The first draft of New Moon differed significantly from the manuscript published. Originally, Bella never found out that Jacob was a werewolf, and as a result, the seventy pages following Bella's discovery of Jacob's nature were missing. The epilogue was also different in title and content. Meyer found it difficult to write Bella's pain over Edward's departure and often cried while writing those parts. She mentioned that she never suffered a heartbreak like Bella's, so she couldn't draw inspiration for her pain from personal experiences, but based it on how she thought she would feel if she lost a child, while insisting that it came from her character, who is "much more open—to both pain and joy." She claims that "the way she chose to cope with it" was unexpected.

According to Meyer, the story was inspired by Shakespeare's Romeo and Juliet.

Cover and title
The cover art of New Moon was designed by Gail Doobinin and photographed by John Grant. Meyer has expressed on numerous occasions that she had no hand in choosing the cover, and said that she does not like it. She described it as "a very lovely ruffled tulip that means nothing at all". Originally, Meyer suggested a clock image for the cover as she saw "time" as one of the most important themes of the novel. However, the artwork team that designed the cover chose the image of a tulip losing one of its petals, aiming to represent Bella losing a drop of blood.

When Meyer finished writing the book, she wanted a title that referred to a time of day to match Twilight. As it reflected the mood of the sequel, she titled the novel New Moon, "the darkest kind of night, a night with no moon", to refer to the darkest period of Bella's life.

Publication and reception

Sales
New Moon was published by Little, Brown in the USA on September 6, 2006 with an initial print run of 100,000 copies. Demand for the book was so high that advance reading copies were being sold on eBay for as high as $380. New Moon immediately rose to the #1 position on the New York Times Best Seller list for Children's Chapter Books in its second week on the list, displacing popular children's authors such as Christopher Paolini and Markus Zusak, and remained in that spot for eleven weeks. It spent over 47 weeks in total on the list.
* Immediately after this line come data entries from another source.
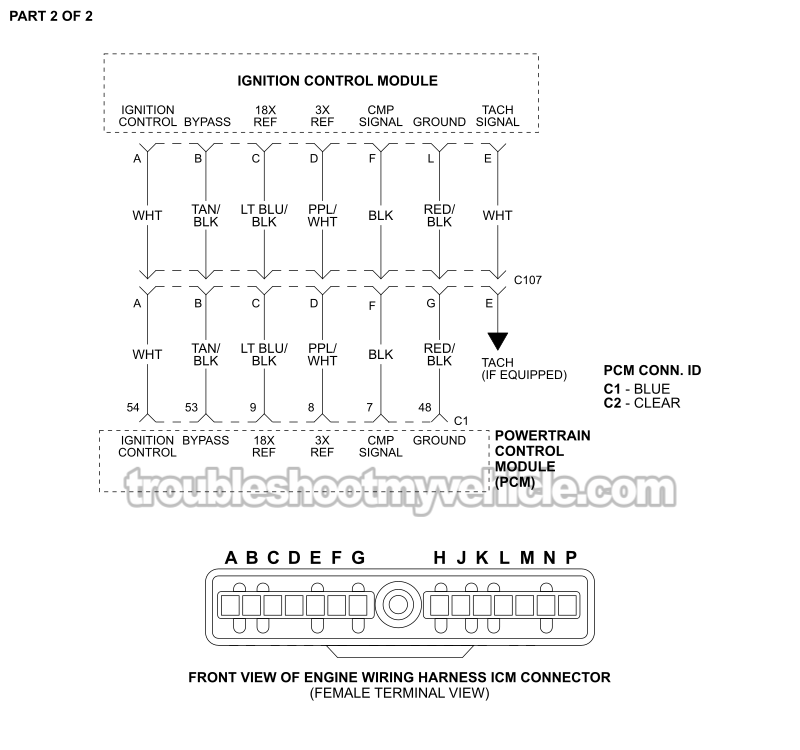PART 2 OF 2: ICM And CKP/CMP Sensor Circuit Wiring Diagram (1998, 1999, 2000 3.8L V6 Buick LeSabre)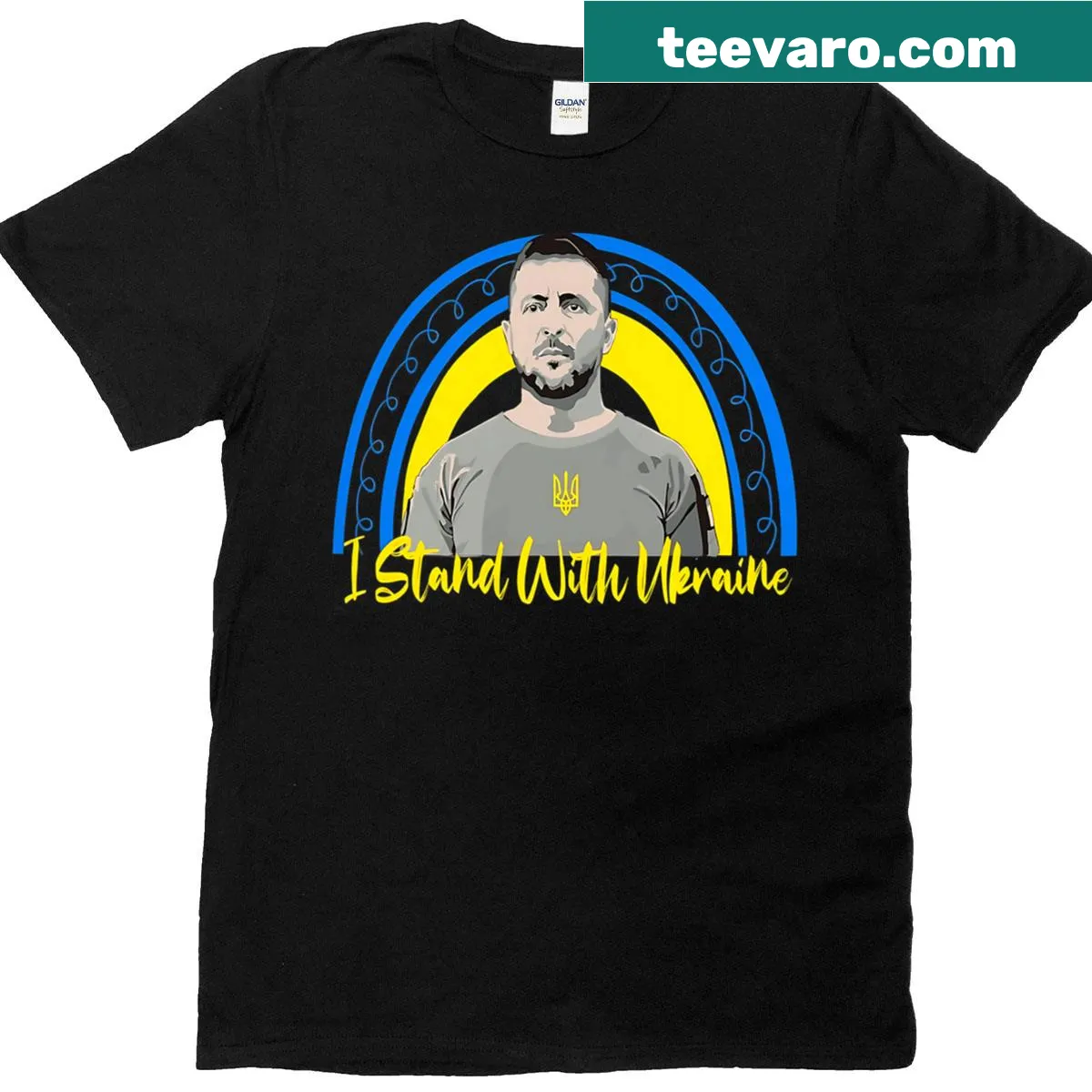 I Stand With Ukraine graphic t-shirt supporting Zelensky — on a men's t-shirt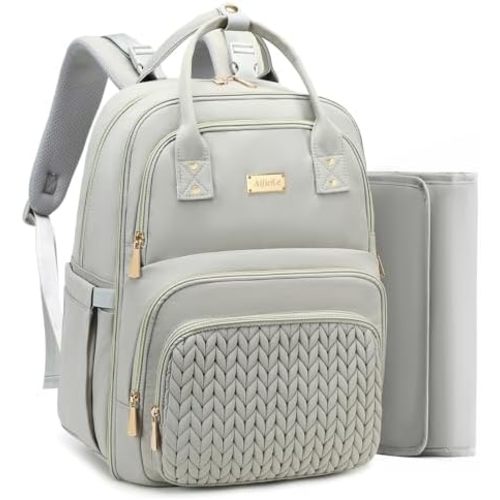 Diaper Bag Backpack - Large Multi functional, Boys, Girls & Baby Travel Essentials Tote with Changing Pad, Insulated Pockets, Stroller Straps, Waterproof - Baby Backpack for Mom & Maternity (Gray)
New Moon also remained on the USA Today Best Seller list for over 150 weeks after entering the list two weeks after its release, later peaking at #1. USA Today ranked it at #29 on its 2007 top-selling books list.

By 2008, Publishers Weekly reported that New Moon had sold 1.5 million copies throughout the U.S. In October 2008, the book was ranked #37 on USA Today's "Bestselling Books of Last 15 Years". According to USA Today, the book was also the second biggest-selling book of 2008 behind its prequel, Twilight, and the biggest-selling of 2009, giving the saga the top four positions on the list for two consecutive years. It was also ranked at #27 on the list of biggest-selling books of 2010.

Critical reception
The novel received mostly positive reviews with some critics feeling that it dragged in the middle. Hillias J. Martin of School Library Journal praised the book, saying, "Less streamlined than Twilight yet just as exciting, New Moon will more than feed the bloodthirsty hankerings of fans of the first volume and leave them breathless for the third". Kirkus Reviews praised the novel, describing it as "an exciting page turner...This tale of tortured demon lovers entices." Moreover, Cindy Dobrez of Booklist gave New Moon a positive review, stating that Bella's dismay at being ordinary "will strike a chord even among girls who have no desire to be immortal, and like the vampires who watch Bella bleed with "fevered eyes," teens will relish this new adventure and hunger for more". Furthermore, Norah Piehl of Teenreads.com  thought that in the middle "the story sometimes drags, and readers may long for the vampires' return", though she believed that "New Moon will leave Meyer's many fans breathless for the sequel, as Bella finally understands everything that will be at stake if she makes the ultimate choice to give up her humanity and live, like the vampires, forever." Anna Limber of About.com echoed Piehl, saying that "the middle section is a little slow" and some aspects of the story were "predictable". However, she gave the book 3.5 stars out of 5 and said that the novel as a whole "has a brooding and melancholy feel to it, capturing well the angst of its teenage characters."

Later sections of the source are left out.